A topic that came up in conversation recently was in regards to learning programming. We all come from different backgrounds which leads to everyone having a different view of everything.

One of the most interesting points I realized was something I vividly remember from my childhood. I was in 7th grade teaching myself how to program in GW-Basic. My father had given me an Atari programming book and I had set out to see what this was all about. I learned GW-Basic was almost the same thing, so it worked. I had to write my own line numbers and had nobody to ask questions.

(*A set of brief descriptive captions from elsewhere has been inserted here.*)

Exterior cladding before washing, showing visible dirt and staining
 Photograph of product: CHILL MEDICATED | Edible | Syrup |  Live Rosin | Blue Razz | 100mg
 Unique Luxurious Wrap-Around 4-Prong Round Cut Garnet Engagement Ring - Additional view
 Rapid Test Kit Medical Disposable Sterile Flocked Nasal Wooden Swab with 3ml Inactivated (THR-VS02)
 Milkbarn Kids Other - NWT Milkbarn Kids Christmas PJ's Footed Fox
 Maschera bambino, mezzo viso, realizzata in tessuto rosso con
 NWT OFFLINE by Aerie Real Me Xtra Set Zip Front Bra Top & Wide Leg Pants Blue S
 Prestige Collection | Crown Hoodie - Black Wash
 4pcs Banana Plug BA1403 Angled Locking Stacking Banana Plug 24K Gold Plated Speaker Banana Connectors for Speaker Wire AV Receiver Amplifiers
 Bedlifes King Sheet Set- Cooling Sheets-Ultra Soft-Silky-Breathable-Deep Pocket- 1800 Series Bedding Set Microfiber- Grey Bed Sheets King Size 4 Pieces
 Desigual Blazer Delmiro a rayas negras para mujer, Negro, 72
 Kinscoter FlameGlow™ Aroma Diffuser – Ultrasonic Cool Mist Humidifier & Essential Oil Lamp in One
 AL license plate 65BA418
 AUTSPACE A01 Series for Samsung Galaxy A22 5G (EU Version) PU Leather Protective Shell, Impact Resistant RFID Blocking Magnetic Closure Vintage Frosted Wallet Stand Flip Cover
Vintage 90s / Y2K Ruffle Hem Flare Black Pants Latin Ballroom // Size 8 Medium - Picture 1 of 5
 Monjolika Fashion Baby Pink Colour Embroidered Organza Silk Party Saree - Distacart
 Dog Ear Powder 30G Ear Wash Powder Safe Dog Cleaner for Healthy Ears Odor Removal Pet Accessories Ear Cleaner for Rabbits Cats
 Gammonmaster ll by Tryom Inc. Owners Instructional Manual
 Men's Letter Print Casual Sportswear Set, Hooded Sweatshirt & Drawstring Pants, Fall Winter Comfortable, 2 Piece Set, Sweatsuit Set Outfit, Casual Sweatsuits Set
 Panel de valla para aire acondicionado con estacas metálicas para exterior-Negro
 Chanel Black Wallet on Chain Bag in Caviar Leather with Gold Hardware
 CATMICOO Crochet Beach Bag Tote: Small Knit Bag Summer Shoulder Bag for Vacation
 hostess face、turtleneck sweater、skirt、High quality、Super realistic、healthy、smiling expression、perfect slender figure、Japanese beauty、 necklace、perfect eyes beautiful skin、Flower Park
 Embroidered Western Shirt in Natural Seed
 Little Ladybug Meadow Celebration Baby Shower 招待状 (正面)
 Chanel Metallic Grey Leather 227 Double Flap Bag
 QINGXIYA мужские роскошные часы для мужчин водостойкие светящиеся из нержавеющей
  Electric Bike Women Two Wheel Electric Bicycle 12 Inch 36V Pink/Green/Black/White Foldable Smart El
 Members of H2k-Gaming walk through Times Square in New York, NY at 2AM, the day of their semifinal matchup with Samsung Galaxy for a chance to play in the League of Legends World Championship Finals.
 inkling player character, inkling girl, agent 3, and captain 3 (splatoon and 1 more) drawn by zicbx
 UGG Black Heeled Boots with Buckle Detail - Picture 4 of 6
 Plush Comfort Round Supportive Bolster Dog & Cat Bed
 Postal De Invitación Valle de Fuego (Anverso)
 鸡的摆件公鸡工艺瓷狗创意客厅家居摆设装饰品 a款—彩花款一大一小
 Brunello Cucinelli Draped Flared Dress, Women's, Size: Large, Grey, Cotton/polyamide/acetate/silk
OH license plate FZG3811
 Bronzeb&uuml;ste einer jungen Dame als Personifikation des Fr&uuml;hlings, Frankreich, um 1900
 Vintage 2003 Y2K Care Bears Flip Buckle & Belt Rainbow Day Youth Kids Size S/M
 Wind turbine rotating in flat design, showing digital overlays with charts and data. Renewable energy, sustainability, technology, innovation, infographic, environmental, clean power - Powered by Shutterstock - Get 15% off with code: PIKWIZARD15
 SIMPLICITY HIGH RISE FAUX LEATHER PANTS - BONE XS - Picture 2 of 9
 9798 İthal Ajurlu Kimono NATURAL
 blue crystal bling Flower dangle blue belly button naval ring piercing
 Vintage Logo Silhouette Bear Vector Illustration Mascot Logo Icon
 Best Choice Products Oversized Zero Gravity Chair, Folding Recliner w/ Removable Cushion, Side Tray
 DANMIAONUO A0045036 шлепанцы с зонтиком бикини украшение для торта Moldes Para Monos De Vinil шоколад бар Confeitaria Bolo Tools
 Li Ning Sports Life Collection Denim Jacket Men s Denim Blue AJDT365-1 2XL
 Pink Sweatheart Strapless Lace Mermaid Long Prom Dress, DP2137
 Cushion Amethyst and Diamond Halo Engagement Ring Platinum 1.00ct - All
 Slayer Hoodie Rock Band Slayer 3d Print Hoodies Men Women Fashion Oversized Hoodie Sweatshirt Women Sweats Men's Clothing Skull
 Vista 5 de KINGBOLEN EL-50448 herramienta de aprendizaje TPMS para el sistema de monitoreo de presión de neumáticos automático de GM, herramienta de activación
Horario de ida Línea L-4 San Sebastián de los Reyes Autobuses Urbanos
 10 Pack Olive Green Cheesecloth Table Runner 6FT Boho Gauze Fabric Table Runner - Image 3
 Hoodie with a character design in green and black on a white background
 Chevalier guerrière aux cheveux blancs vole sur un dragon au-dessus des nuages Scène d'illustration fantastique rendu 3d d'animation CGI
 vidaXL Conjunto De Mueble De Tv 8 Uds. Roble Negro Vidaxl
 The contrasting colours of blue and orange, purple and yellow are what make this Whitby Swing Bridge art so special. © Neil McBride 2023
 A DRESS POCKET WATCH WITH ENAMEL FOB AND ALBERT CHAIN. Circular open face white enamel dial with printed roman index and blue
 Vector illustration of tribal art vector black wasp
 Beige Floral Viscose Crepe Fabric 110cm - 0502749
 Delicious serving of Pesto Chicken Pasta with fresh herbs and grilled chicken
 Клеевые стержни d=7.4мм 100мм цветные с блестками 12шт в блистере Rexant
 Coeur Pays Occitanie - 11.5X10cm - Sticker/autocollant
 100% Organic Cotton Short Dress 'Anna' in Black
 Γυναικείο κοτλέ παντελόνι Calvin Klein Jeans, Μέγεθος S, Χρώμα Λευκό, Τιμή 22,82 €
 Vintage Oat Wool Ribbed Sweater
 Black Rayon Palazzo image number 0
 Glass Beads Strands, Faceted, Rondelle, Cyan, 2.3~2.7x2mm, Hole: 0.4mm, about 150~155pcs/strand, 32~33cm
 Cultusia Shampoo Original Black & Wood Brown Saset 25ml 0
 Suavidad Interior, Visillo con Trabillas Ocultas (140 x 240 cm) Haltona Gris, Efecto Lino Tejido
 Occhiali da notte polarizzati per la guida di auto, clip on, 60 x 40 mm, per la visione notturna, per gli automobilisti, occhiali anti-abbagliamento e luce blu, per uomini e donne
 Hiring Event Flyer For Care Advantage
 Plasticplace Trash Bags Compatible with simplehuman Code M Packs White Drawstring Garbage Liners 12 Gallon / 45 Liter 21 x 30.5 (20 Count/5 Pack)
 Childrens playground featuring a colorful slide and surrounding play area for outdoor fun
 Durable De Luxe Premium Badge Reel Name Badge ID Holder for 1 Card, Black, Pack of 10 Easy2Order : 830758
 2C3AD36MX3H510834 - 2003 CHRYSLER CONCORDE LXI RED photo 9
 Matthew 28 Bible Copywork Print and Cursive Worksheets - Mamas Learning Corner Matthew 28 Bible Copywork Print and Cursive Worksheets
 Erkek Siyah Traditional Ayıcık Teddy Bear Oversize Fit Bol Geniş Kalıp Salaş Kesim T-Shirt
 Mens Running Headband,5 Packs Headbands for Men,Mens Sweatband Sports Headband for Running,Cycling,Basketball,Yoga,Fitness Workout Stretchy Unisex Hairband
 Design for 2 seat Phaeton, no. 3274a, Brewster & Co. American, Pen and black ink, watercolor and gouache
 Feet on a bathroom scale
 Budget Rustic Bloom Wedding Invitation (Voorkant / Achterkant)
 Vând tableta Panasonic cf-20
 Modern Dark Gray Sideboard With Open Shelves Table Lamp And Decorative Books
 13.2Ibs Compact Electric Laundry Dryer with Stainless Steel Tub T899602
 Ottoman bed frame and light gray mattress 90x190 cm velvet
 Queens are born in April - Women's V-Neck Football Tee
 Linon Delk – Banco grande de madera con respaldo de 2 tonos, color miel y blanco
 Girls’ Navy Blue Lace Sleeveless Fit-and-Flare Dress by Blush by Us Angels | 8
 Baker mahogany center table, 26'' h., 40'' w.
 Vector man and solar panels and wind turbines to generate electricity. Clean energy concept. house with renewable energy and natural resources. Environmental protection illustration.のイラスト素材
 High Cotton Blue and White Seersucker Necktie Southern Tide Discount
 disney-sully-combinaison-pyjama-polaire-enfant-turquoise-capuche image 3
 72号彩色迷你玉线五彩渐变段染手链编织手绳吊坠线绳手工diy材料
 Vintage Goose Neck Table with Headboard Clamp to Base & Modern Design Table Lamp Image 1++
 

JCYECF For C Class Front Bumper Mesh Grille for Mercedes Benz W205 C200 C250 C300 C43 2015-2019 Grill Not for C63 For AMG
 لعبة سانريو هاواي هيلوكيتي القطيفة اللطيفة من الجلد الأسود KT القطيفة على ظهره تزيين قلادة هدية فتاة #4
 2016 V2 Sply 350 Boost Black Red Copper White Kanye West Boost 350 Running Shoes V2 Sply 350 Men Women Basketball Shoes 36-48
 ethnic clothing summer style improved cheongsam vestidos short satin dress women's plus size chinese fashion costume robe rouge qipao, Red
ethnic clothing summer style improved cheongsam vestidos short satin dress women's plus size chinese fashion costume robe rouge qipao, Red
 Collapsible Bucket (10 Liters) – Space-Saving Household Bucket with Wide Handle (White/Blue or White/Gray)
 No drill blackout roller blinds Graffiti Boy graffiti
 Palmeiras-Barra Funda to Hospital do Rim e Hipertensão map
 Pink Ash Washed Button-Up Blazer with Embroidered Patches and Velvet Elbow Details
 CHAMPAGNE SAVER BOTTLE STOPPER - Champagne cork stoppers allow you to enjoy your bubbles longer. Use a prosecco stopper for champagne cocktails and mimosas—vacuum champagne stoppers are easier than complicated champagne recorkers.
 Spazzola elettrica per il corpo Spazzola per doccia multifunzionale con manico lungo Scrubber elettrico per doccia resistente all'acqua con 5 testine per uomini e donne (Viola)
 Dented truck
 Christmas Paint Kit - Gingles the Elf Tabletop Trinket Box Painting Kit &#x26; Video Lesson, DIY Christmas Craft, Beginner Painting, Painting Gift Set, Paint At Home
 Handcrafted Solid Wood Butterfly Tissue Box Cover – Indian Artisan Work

The biggest project I thought I could accomplish at the time was a hangman game. It was going to be awesome. It would support colors, but because doing anything past 3 letter words would be complex, I decided to limit myself to just 3 letter words.

I started by writing out every 3 letter word I could possibly think of. I compiled this list and set out drawing the person on the screen. Everything worked well.

But the code was 35kb. It was an insane amount of code for basically nothing. What happened was that I wasn’t aware that you could reuse variables. I was a 7th grader so we hadn’t dove much into math. It didn’t even really click that programming was just math.

So here I had built a functional hangman game that supported every single 3 letter word there was. And yet, every single guess, every single failure, I was declaring a new variable.

When it comes to doing things like programming, always keep in mind that what’s obvious to you is not obvious to everyone else. Your knowledge is based upon your experience in life. You’re missing out on a lot of things other people have experienced, and they are missing out on things you’ve experienced. You’re no better than anybody else.

What’s obvious to you may not be obvious to someone else. When they feel something is completely obvious, that means you’ve done your job.